Does your winder have a rest period? Do you know how many turns a day the winder achieves?

Some can be set...some less expensive ones spin all day long.

another thought is that when the winder is at rest...most of mine run on and off for 6-7 hours and then rest till the next day, and then start again...take the watch off the winder and lay it in an opposite position.

I know you can't overrind an auto but there is a stress factor inherent in a movement always at full reserve...it has to wind down at some point.

just a few things to ponder...let us know.


----------



## roberev (Mar 15, 2006)

If winders do affect accuracy, my limited experience indicates that it's for the better. My EMII Classic is not COSC-certified and spends most of its time on a Sharper Image winder. I gain one second a day on it. Even my COSC watches aren't than good (but my Grand Seiko is close at +2/day . . . and it sits on an Orbita Sparta 3-watch winder).

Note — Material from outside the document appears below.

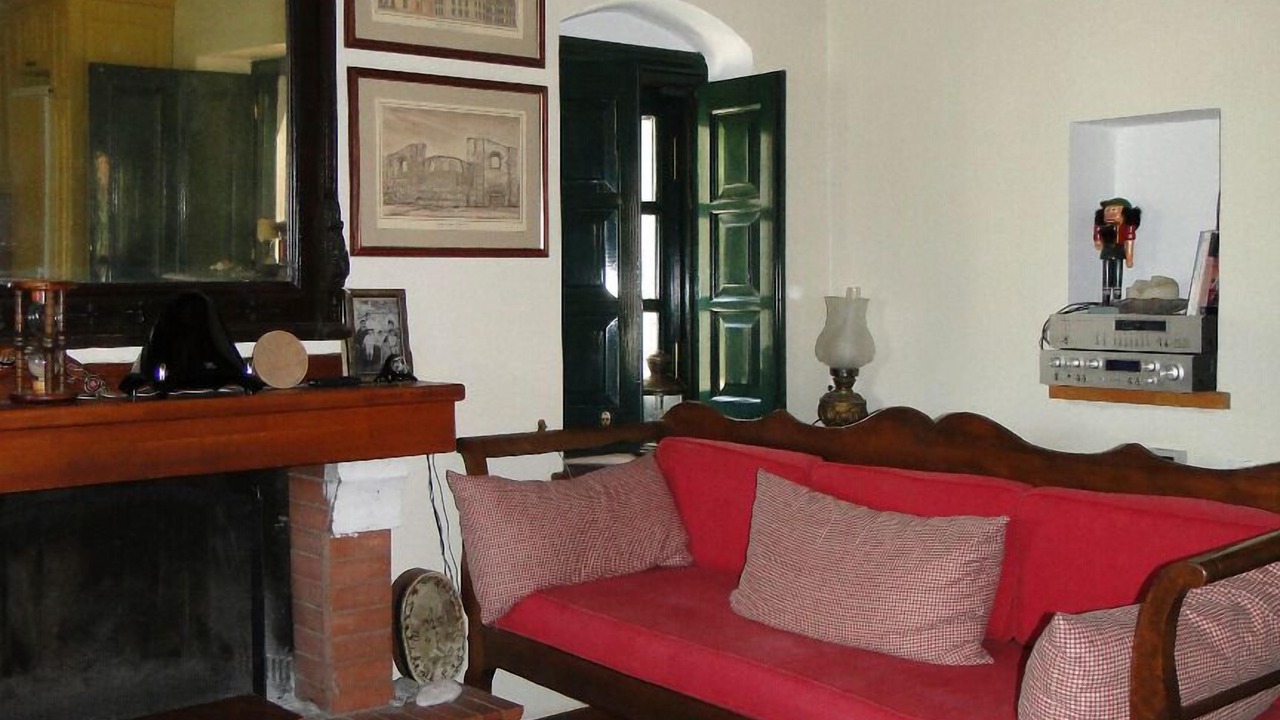 Photo of Livingroom in Astros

I know, anecdotal evidence is poor evidence, but I figured I'd share anyway.

Rob


----------



## sys12345 (Aug 30, 2007)

Hi Scott,

I'm using an ERS double watch winder. It does not run all day and it is equipped with rest period and automatic daily repeat. Details:

-Runs on 3V DC Battery or 3-volt AC Adaptor
-User selectable programs - clockwise, counter-clockwise or alternating directions, at approx. 7.5 turns per minute.
-turns nominal 1,800 - 2,1-- turns per day (effective 650 - 800 turns per day).
-Each program will repeat automatically daily (if switch is always on)
-LED light indicator showing operation status
-AC Adaptor and nice gift box included. 

I took the watches off and wore them on my wrist. As before, they are all more accurate on my wrist than on the winder. My EMII Classic (as noted b4) does +5 secs/day on the winder, compared to +2 secs/day on my wrist. My EMII Chronometer LE does -2 secs/day on the winder and +1 sec/day (worse case, sometimes spot on) on my wrist. All these timings are repeatable, not some one-off readings.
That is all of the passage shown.